== How to complete this task ==
Return exactly the lines of the records below, starting at the line that contains "cream (CT- C) at 7, 14 and 21 day." and ending at the line that contains "Before and after", with both of those lines kept.

Start of Available data

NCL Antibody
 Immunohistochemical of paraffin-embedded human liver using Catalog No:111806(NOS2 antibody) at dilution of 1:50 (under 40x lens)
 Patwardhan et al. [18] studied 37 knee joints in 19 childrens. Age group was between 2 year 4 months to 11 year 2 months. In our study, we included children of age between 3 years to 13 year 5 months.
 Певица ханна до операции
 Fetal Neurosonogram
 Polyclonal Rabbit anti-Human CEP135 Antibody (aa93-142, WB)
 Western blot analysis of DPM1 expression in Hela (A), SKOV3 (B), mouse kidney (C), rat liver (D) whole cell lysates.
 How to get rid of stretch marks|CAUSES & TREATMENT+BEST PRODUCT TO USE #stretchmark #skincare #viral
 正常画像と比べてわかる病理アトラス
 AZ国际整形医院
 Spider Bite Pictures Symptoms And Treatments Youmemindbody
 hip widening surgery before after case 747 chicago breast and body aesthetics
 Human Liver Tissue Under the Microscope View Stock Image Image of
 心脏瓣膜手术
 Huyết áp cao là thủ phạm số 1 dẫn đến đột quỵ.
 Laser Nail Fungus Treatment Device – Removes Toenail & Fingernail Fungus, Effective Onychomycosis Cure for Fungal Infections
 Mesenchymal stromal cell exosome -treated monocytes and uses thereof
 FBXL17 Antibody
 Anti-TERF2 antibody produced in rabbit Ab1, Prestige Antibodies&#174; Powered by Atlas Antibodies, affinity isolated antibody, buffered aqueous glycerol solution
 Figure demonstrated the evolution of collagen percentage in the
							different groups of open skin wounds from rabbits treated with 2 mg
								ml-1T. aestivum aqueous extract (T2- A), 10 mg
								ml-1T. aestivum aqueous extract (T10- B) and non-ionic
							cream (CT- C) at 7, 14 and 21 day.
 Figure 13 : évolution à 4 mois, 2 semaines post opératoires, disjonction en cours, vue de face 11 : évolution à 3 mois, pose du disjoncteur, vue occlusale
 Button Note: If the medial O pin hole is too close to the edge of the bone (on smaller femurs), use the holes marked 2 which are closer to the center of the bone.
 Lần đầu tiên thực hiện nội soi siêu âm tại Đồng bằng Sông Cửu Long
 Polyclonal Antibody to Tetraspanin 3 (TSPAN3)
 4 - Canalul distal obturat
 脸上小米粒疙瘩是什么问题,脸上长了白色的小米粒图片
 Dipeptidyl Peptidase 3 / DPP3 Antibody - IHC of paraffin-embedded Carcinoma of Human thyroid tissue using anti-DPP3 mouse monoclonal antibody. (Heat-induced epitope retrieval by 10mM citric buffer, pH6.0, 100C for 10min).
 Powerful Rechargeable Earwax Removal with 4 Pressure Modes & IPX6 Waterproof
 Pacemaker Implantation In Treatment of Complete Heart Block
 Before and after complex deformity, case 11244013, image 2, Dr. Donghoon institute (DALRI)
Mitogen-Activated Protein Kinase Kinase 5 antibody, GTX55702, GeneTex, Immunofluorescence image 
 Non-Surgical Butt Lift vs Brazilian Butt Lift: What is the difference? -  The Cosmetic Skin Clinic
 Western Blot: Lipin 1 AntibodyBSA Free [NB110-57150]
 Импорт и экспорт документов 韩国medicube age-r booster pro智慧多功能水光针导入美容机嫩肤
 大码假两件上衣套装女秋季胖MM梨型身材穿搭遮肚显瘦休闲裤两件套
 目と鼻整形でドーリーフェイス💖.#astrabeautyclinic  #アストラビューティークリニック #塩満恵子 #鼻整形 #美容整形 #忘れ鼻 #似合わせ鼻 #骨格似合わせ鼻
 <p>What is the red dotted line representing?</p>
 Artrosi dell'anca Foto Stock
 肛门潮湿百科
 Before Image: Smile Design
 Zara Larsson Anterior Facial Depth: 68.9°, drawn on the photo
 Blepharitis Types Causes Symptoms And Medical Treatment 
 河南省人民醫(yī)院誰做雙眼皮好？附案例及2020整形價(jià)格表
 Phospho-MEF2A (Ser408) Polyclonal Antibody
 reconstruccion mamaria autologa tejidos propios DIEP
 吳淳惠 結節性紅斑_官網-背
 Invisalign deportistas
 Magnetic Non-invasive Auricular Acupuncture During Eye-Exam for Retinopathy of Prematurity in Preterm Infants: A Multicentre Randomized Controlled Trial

End of Available data

== Result of this task ==
							cream (CT- C) at 7, 14 and 21 day.
 Figure 13 : évolution à 4 mois, 2 semaines post opératoires, disjonction en cours, vue de face 11 : évolution à 3 mois, pose du disjoncteur, vue occlusale
 Button Note: If the medial O pin hole is too close to the edge of the bone (on smaller femurs), use the holes marked 2 which are closer to the center of the bone.
 Lần đầu tiên thực hiện nội soi siêu âm tại Đồng bằng Sông Cửu Long
 Polyclonal Antibody to Tetraspanin 3 (TSPAN3)
 4 - Canalul distal obturat
 脸上小米粒疙瘩是什么问题,脸上长了白色的小米粒图片
 Dipeptidyl Peptidase 3 / DPP3 Antibody - IHC of paraffin-embedded Carcinoma of Human thyroid tissue using anti-DPP3 mouse monoclonal antibody. (Heat-induced epitope retrieval by 10mM citric buffer, pH6.0, 100C for 10min).
 Powerful Rechargeable Earwax Removal with 4 Pressure Modes & IPX6 Waterproof
 Pacemaker Implantation In Treatment of Complete Heart Block
 Before and after complex deformity, case 11244013, image 2, Dr. Donghoon institute (DALRI)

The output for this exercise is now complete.